Analysts at JP Morgan said they see “a greater chance of a hike than a cut in coming months”, and expect a rate hike to be discussed again on Tuesday.

“But the bar for any rate move remains rather high, in our view”. Comparing the current situation to October 2008 when the MNB delivered an emergency rate hike, the forint is weaker, but banks are better capitalized, the government is less reliant on external financing and the central bank’s FX reserves have doubled.

With CHF/HUF now broadly stable, “we think the MNB will be more tolerant of a move higher in EUR/HUF, with short-term FX volatility likely to be dealt with FX intervention”.

Hungary’s vulnerability to FX swings could be materially reduced by mid-2012 if the government’s policy of getting FX borrowers to switch into HUF loans is successful, opening the door to rate cuts.

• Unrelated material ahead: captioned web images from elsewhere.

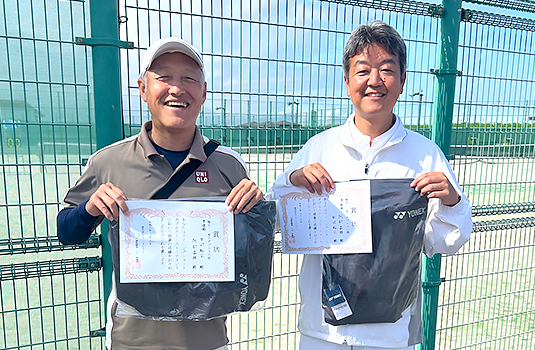 男子ダブルス準優勝〈田辺裕司さん(左)・阿部昌祥さん(右)〉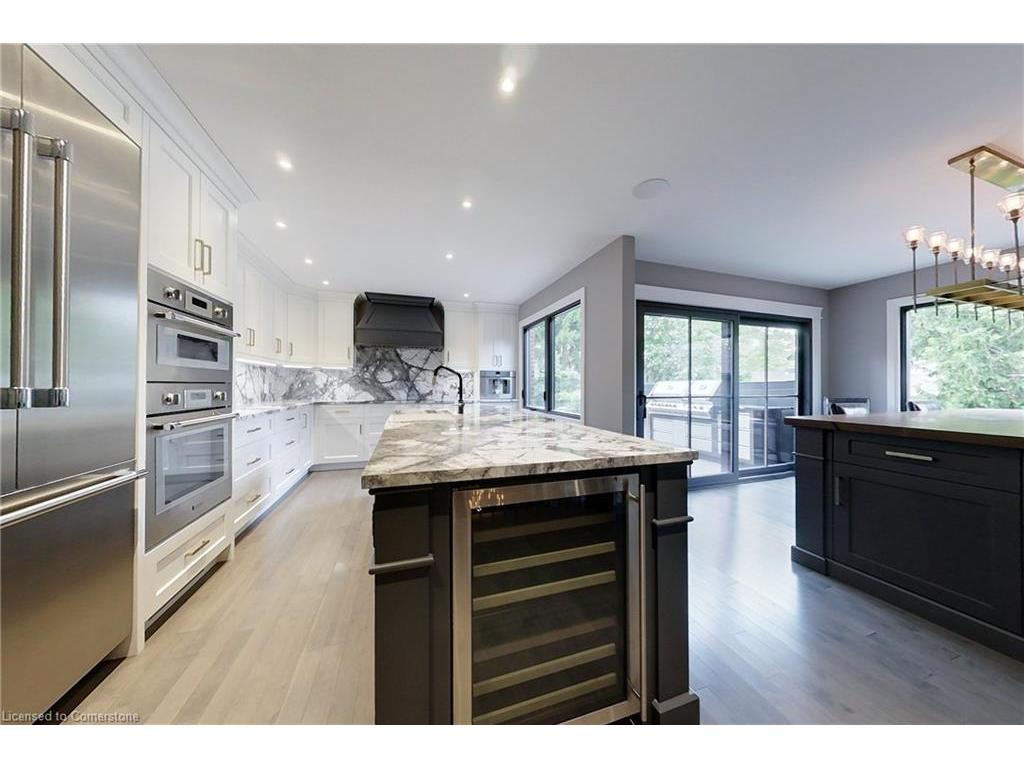 









284


Old Post

Road,
Waterloo,




ON
N2L 5C1

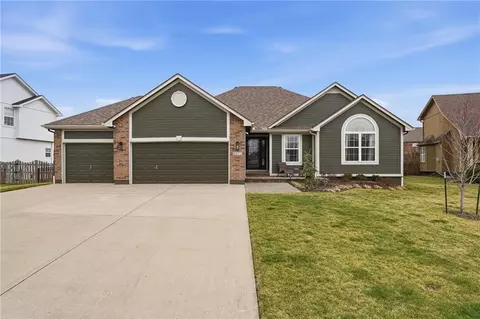 4413 SW Flintrock Dr, Lees Summit, MO 64082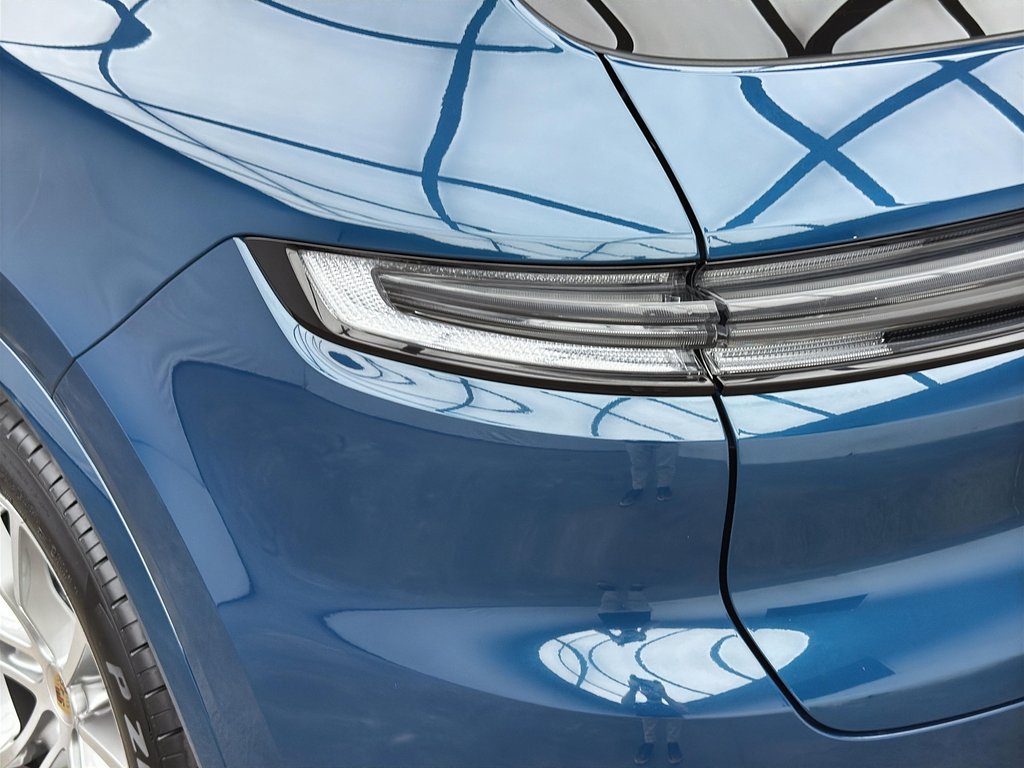 2024 Porsche Cayenne Premium Package Plus in Laval, Quebec - 12 - w1024h768px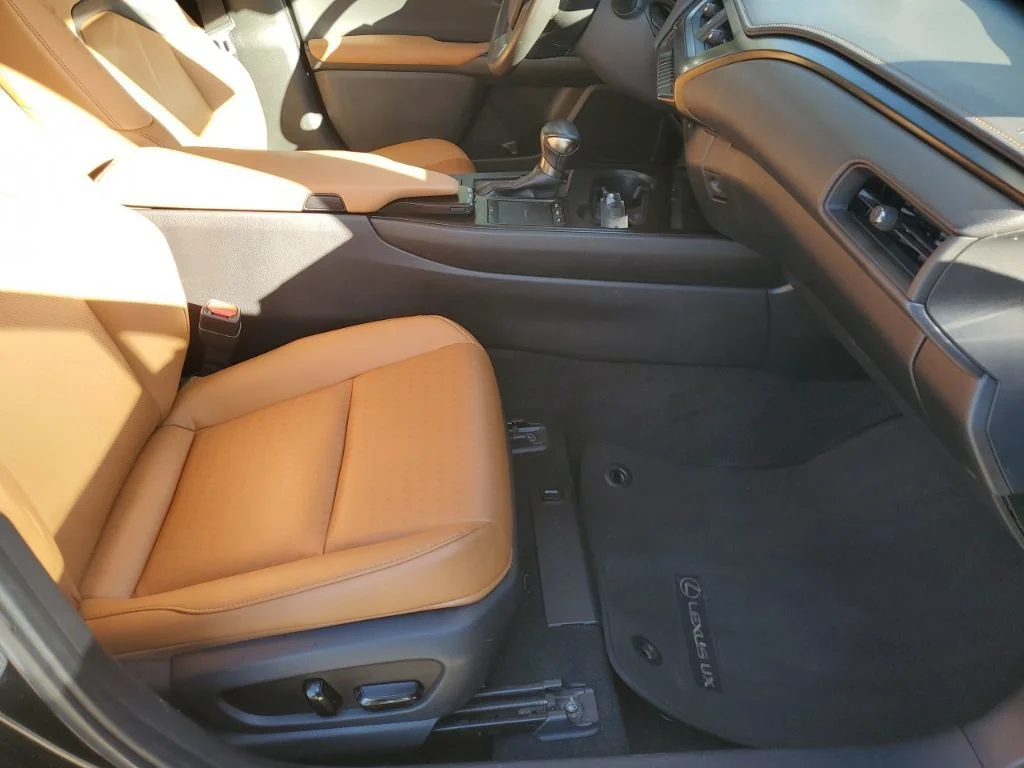 Used 2021 Black Lexus 250h Base image 17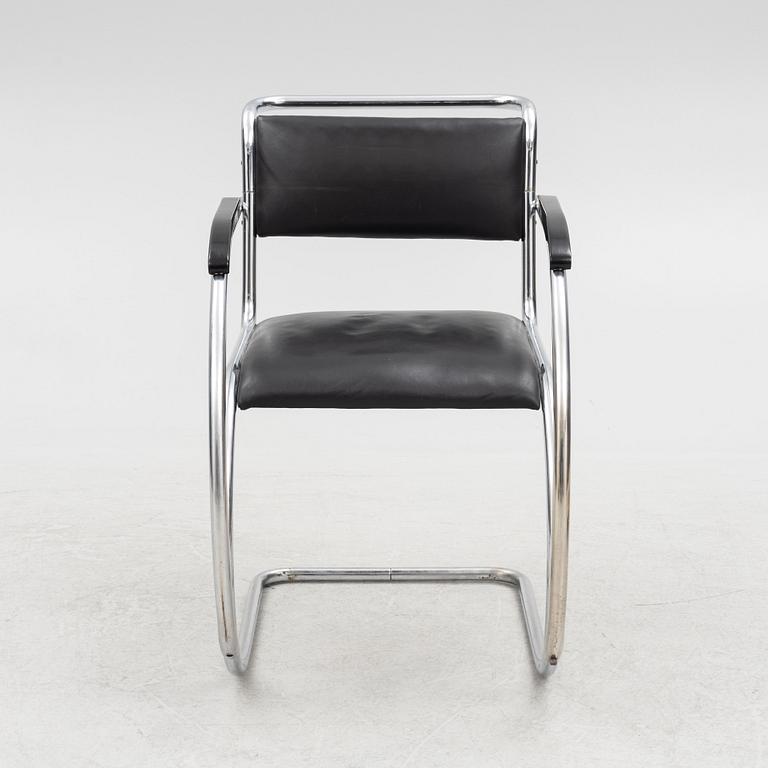 A functionalist 1930s armchair.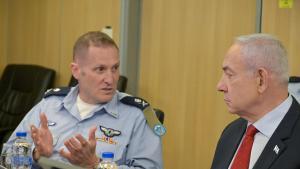 El Primer Ministro de Israel, Benjamin Netanyahu, habla durante su visita al Centro de Operaciones de la Fuerza Aérea en Kirya, en Tel Aviv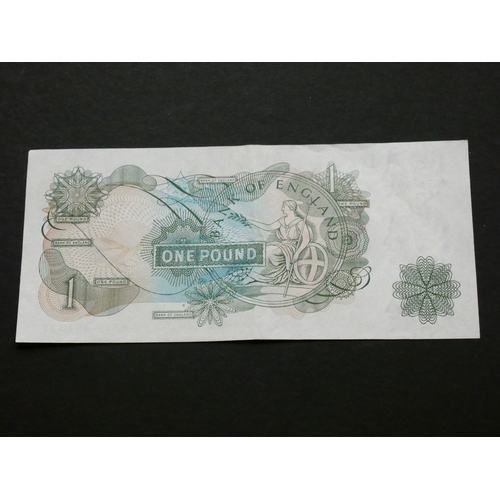 59 - GREAT BRITAIN, BANK OF ENGLAND.  1 Pound.  Sign. FFORDE, replacement issue, B304 (BE75b), serial num... 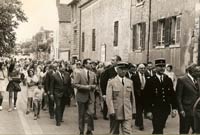 Procession to Rue de Welwyn 1973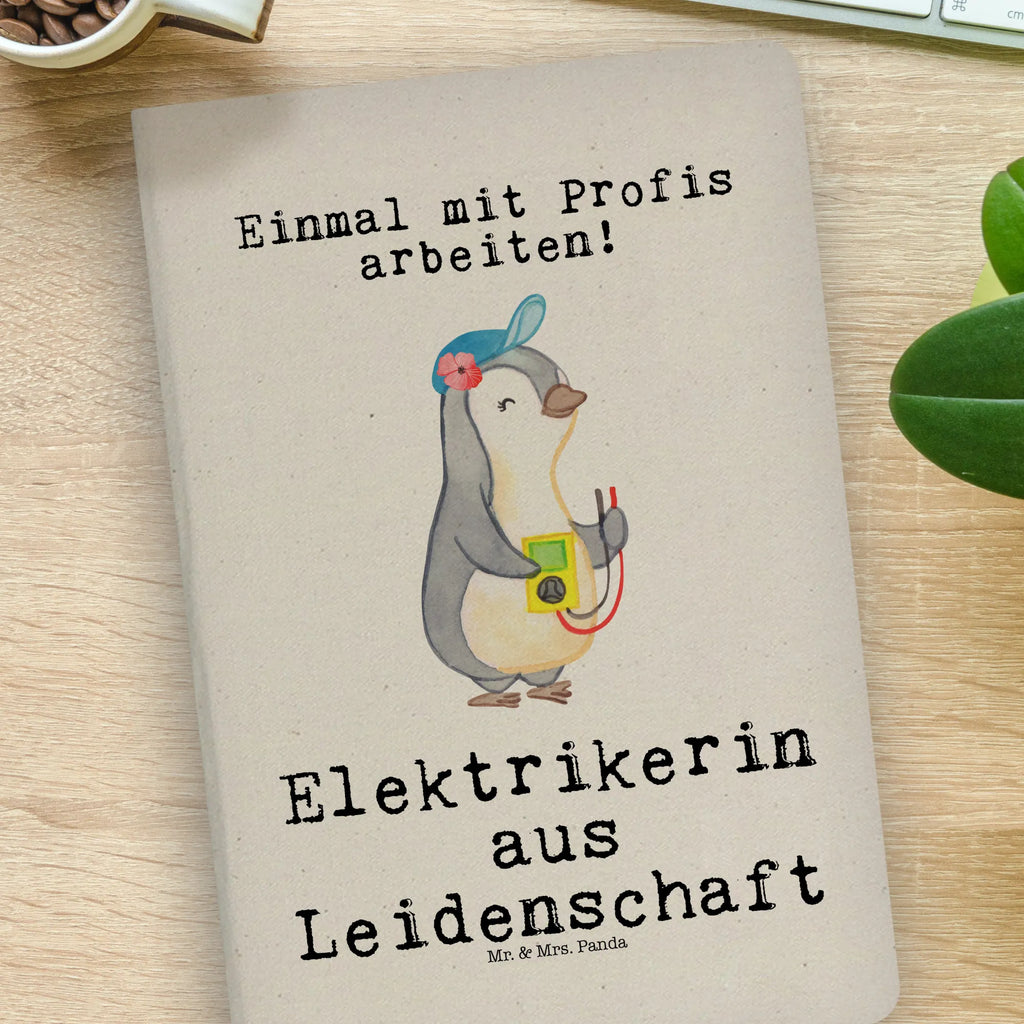 DIN A6 Baumwoll Notizbuch Elektrikerin aus Leidenschaft Notizen, Eintragebuch, Tagebuch, Notizblock, Adressbuch, Journal, Kladde, Skizzenbuch, Notizheft, Schreibbuch, Schreibheft, Beruf, Ausbildung, Jubiläum, Abschied, Rente, Kollege, Kollegin, Geschenk, Schenken, Arbeitskollege, Mitarbeiter, Firma, Danke, Dankeschön, Elektrikerin, Elektronmonteurin, Elektrotechnikerin, Elektroinstallateurin, Elektromeisterin, Gesellenprüfung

But until the FX loan stock is reduced the MNB will remain wary of doing anything to weaken HUF.

“Our base case is for 50bp in rate cuts in (the second half of 2012)”, JP Morgan’s London-based analysts said.

Emerging markets economists at Goldman Sachs (GS) said in their forecast that the MNB “remains bounded in its policy choices, as it has been for most of this year”.

On one hand, it remains in a “currency trap”: even though stagnant domestic demand and the ongoing deleveraging would call for lower interest rates, cutting rates in the environment of heightened uncertainty over the effects of the FX debt prepayments, uncertain situation in the eurozone, high dependency on foreign financing and a record high presence of non-residents in the domestic debt market mean that the MNB cannot afford more HUF weakening without additional negative consequences for domestic demand and thus growth.

On balance, therefore, the MNB is likely to stay on hold for now and “well into 2012” if the current situation of still large uncertainty over the resolution of the eurozone’s fiscal and banking problems persists but remains under control and does not lead to a rapid outflow of capital from Hungary or a reduction in bank exposure to the country.

Similarly, “unless we see a rapid sell-off of the forint and a spike in HUF volatility”, the MNB is unlikely to counteract with “emergency” hikes, GS’s analysts said.